● **Action item**
Give again, exactly as written, the lines of the records below from the line with "Couvres bols/plats lavables" to the line with "Dishwasher Cover Engineered". Both end lines count; pictures do not.
■ ■ ■ ■ ■
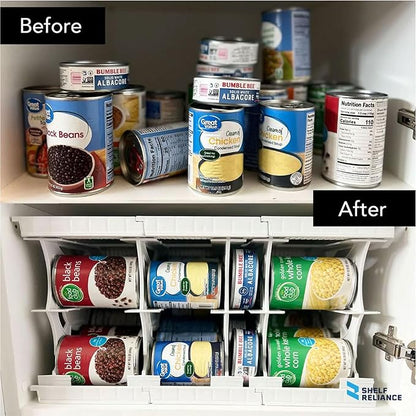 Shelf Reliance Cansolidator Pantry Plus - 2-Pack Can Organizer for Pantry, Stackable Soda Can Storage for Kitchen, Holds 60 Cans of Food or Soda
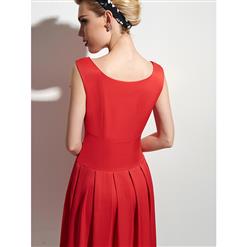 Elegant Plain Sleeveless Single Pleateds Women's Dress  N14183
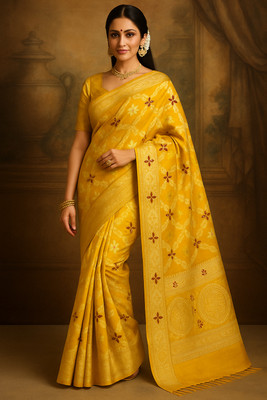 Tanishika creation Geometric Print Banarasi Cotton Linen Saree(Yellow)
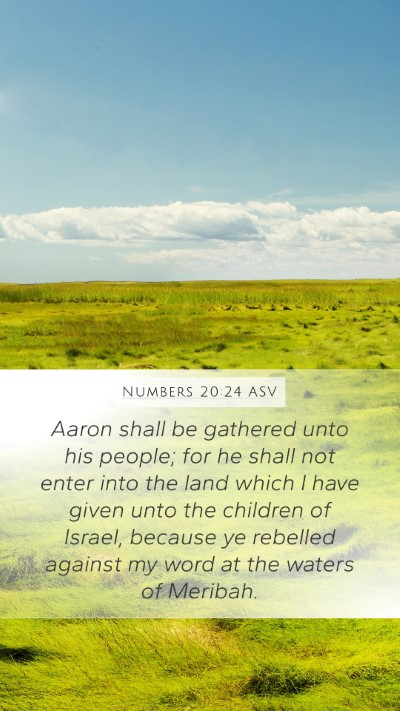 Numbers 20:24 ASV Bible Verse Image
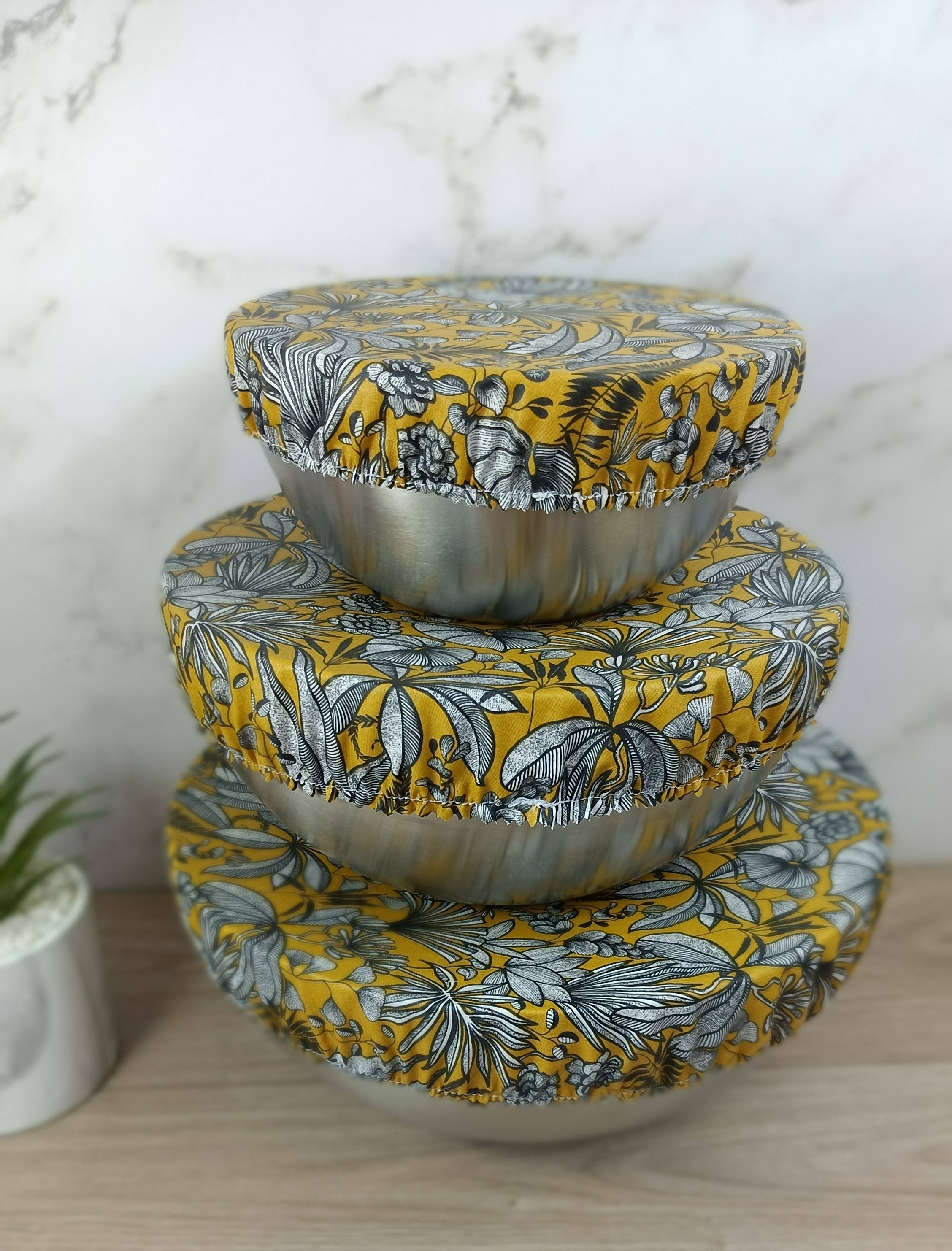 Couvres bols/plats lavables - Collection Fleurigraphie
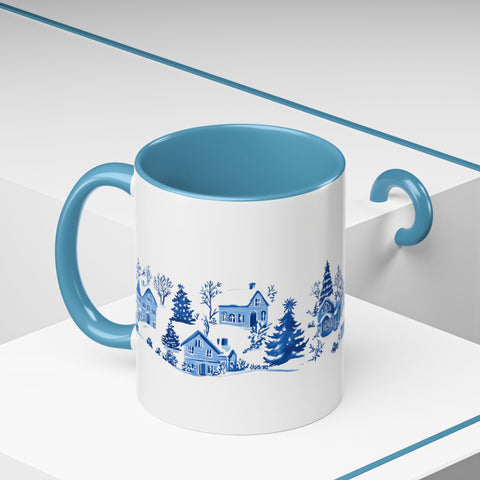 Blue Winter Village Art Mug - Holiday Christmas Cup Gift for Coffee, Tea, Hot Cocoa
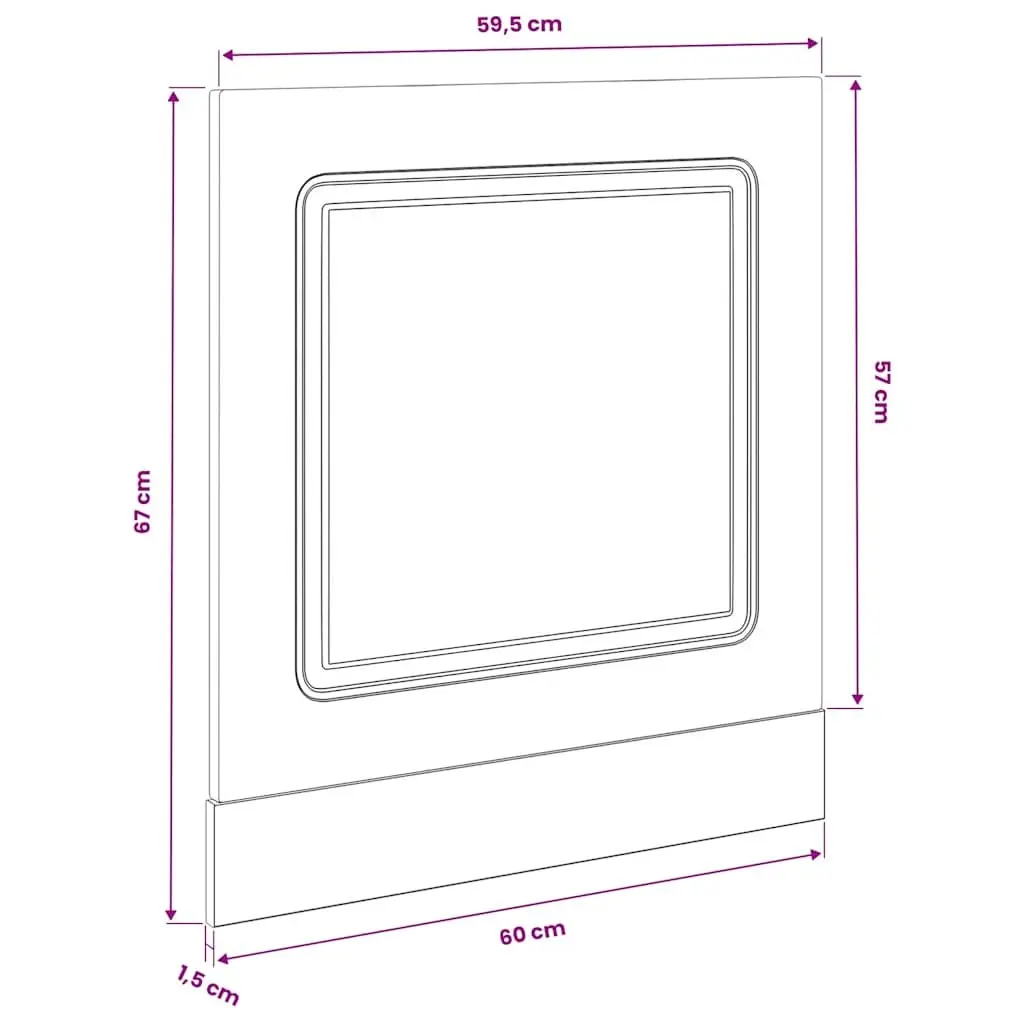 Dishwasher Cover Engineered Wood Black 60cm x 1.5cm x 57cm Moisture Resistant Kitchen Protection Panel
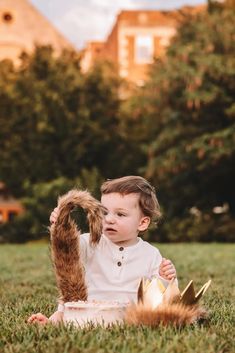 a little boy sitting in the grass with a cat tail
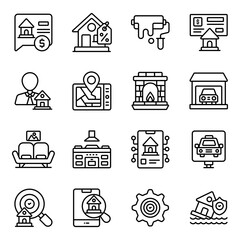 Set of Property and Document Linear Icons

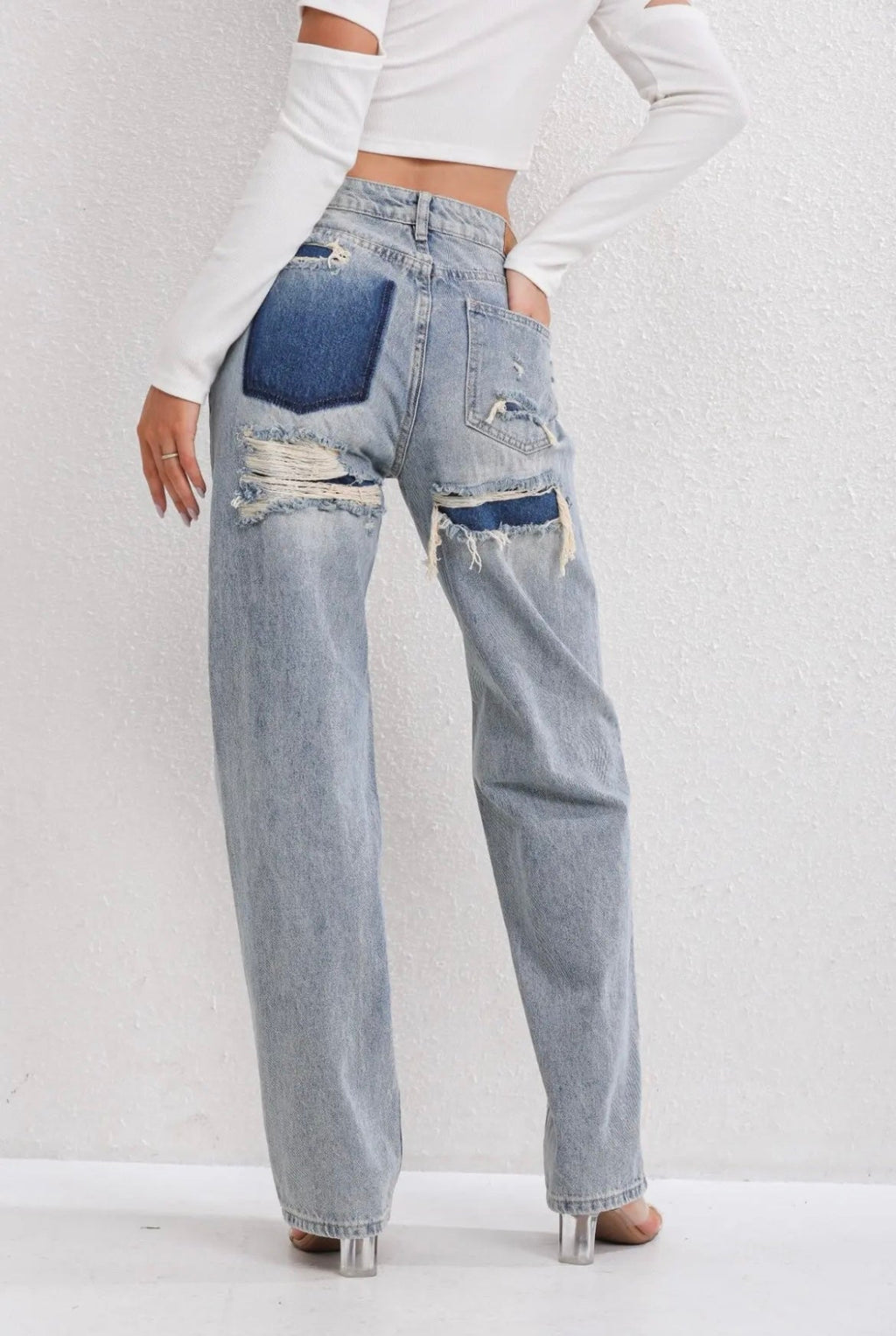 Women's Distressed Jeans – Vintage Loose Fit Jeans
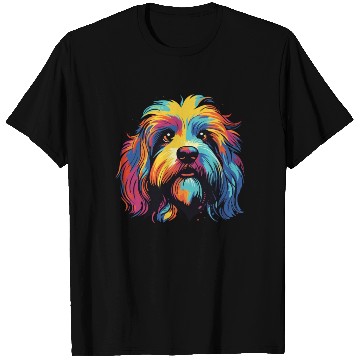 Discover Watercolor Colorful Tibetan Spaniel T Shirts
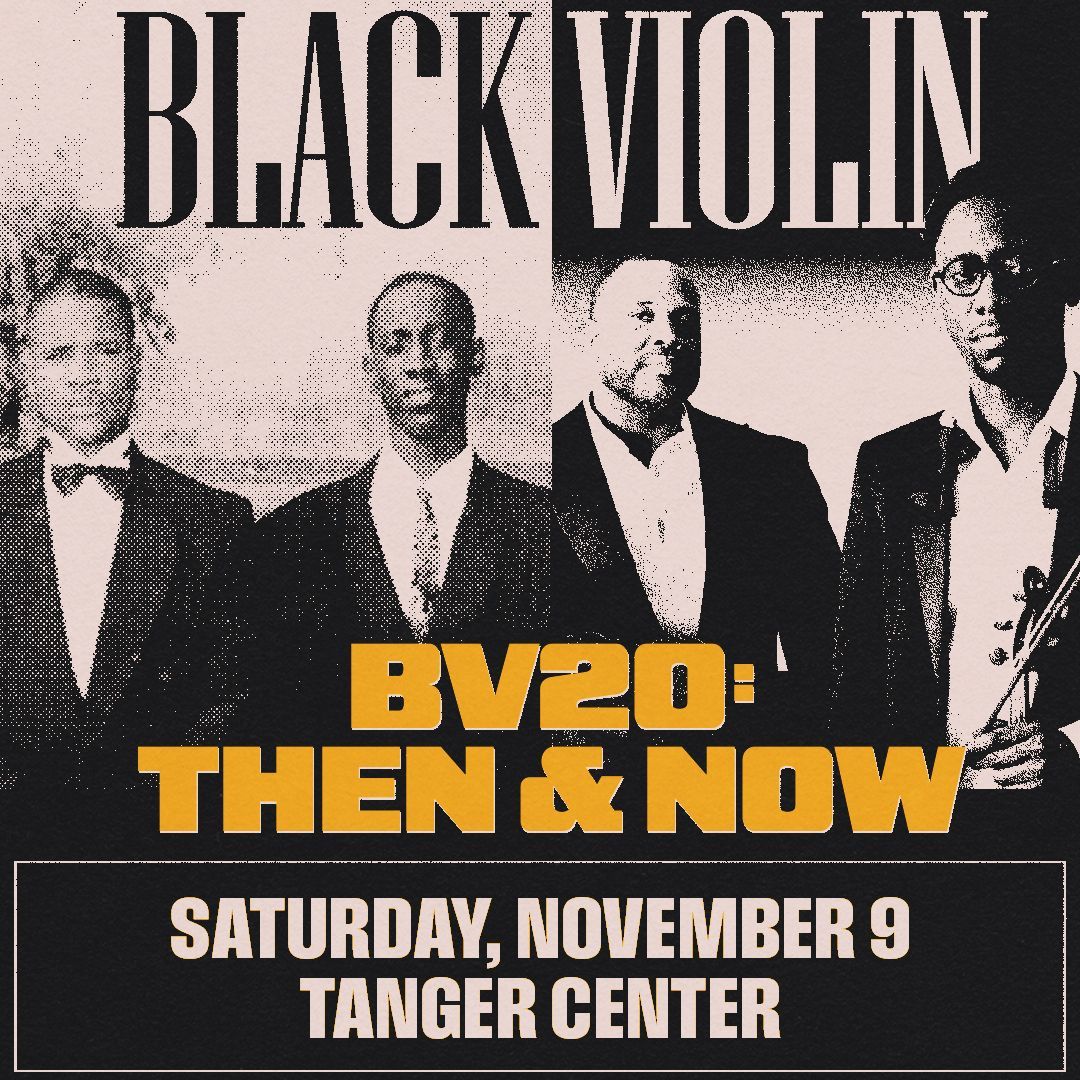 JUST ANNOUNCED: Prepare for an extraordinary evening as Black Violin commemorates 20 years of musical innovation with their BV20: Then & Now tour at Tanger Center on Saturday, November 9! Tickets go on sale this Thursday at 10 a.m. at TangerCenter.com.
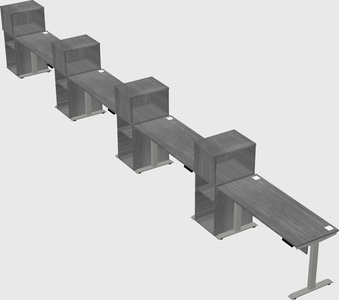 Height-adjustable desk - grade 3 w/cabinet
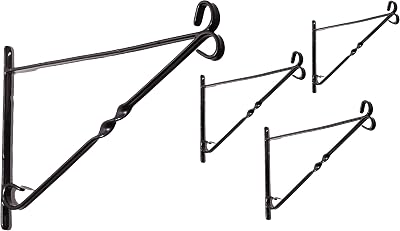 DIVCHI Pack of 4 Garden Hanging Basket Brackets Twisted Metal Up to 12 Inches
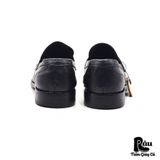  |SIZE 41| A.TESTONI BLACK SPLIT-TOE PENNY LOAFER Z41-7507 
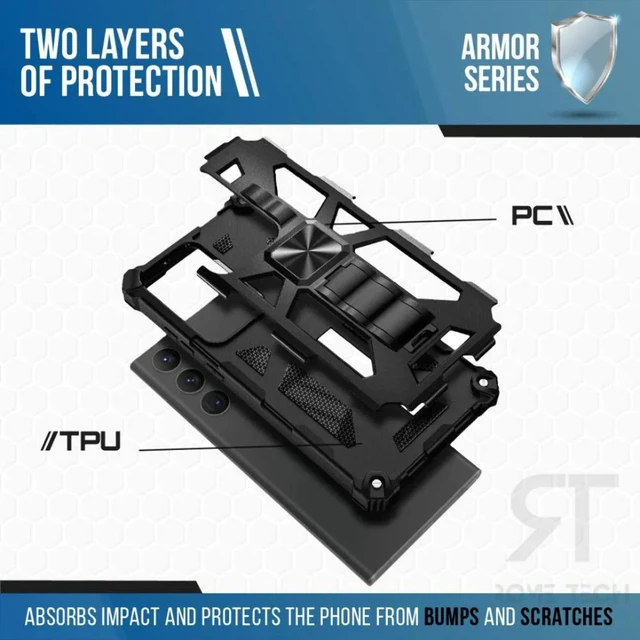 Alt view image 5 of 6 - Samsung Galaxy S23 Ultra Armor Case with Kickstand Magnetic Mount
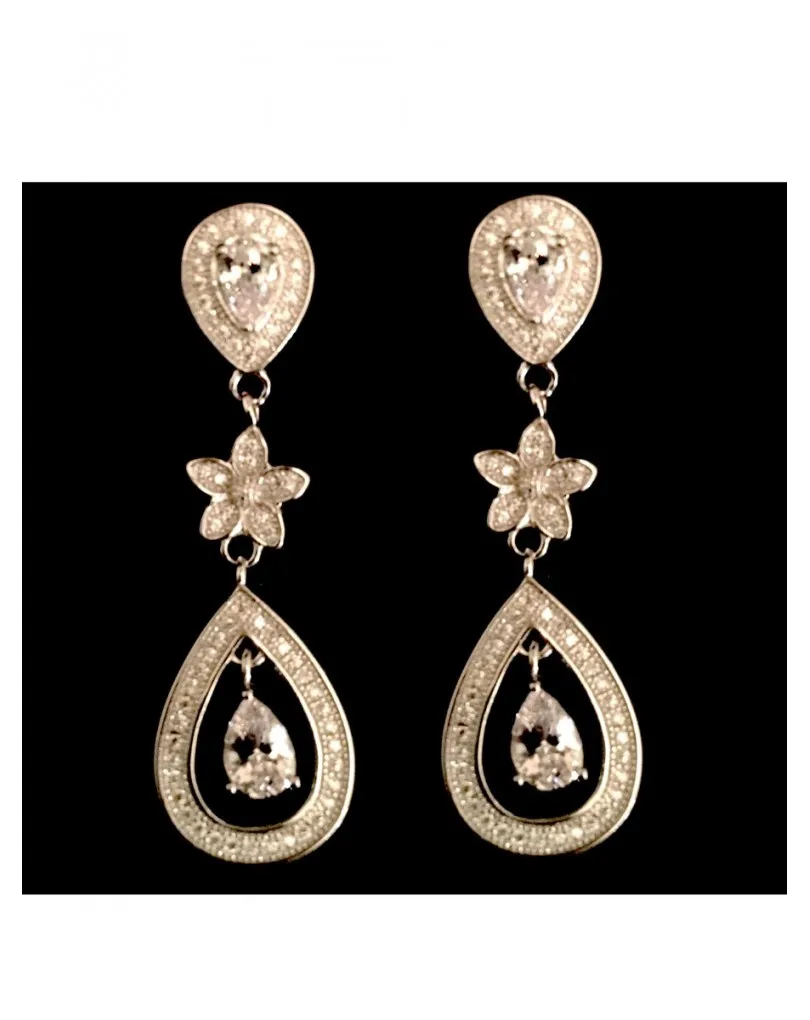 PENDIENTES DE NOVIA EN PLATA Y CIRCONITAS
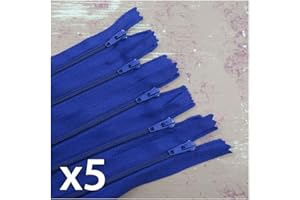 BEADS4CRAFTS 5 Pack x Closed END No.3 Nylon ZIPS *24 Colours* Zipper Sewing (Blue x 5 (2230), 7 Inch)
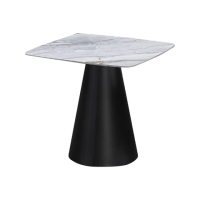 【BODEN】羅森爾2.3尺工業風造型岩板方型餐桌/小方桌/休閒桌/商業洽談桌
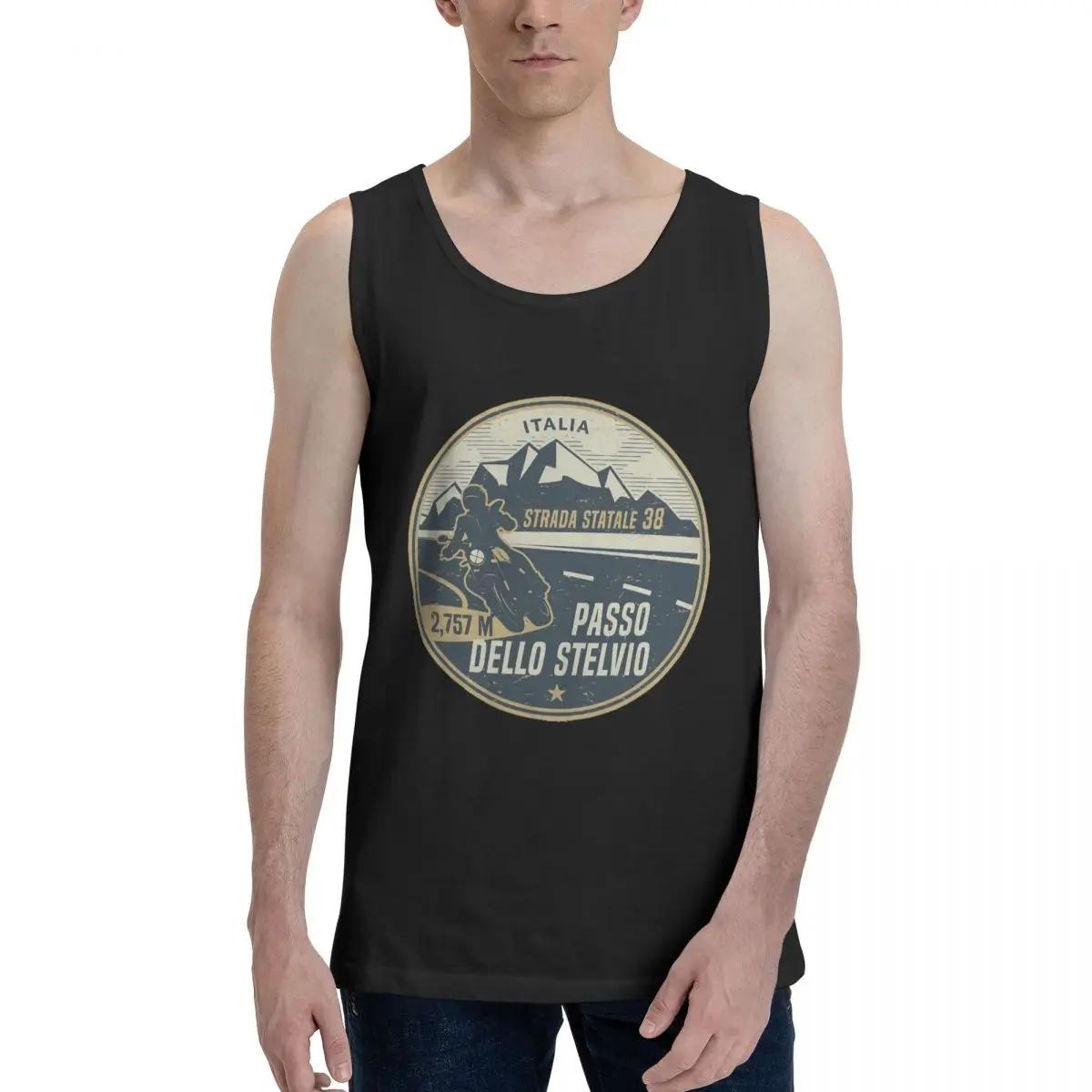 Stelvio Pass, Italy 100% Cotton Men's Sweatshirt Vest Sleeveless Clothing Tees Men Tank Tops T-shirt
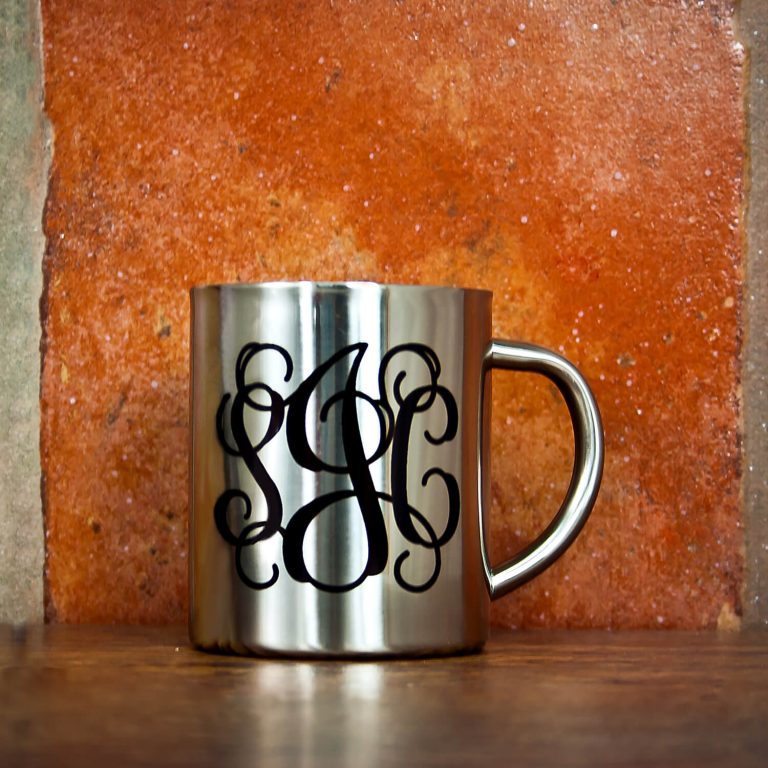Personalised Vine Monogram Silver Outdoor Mug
■ ■ ■ ■ ■
● **Output of the exercise**
 Couvres bols/plats lavables - Collection Fleurigraphie
 Blue Winter Village Art Mug - Holiday Christmas Cup Gift for Coffee, Tea, Hot Cocoa
 Dishwasher Cover Engineered Wood Black 60cm x 1.5cm x 57cm Moisture Resistant Kitchen Protection Panel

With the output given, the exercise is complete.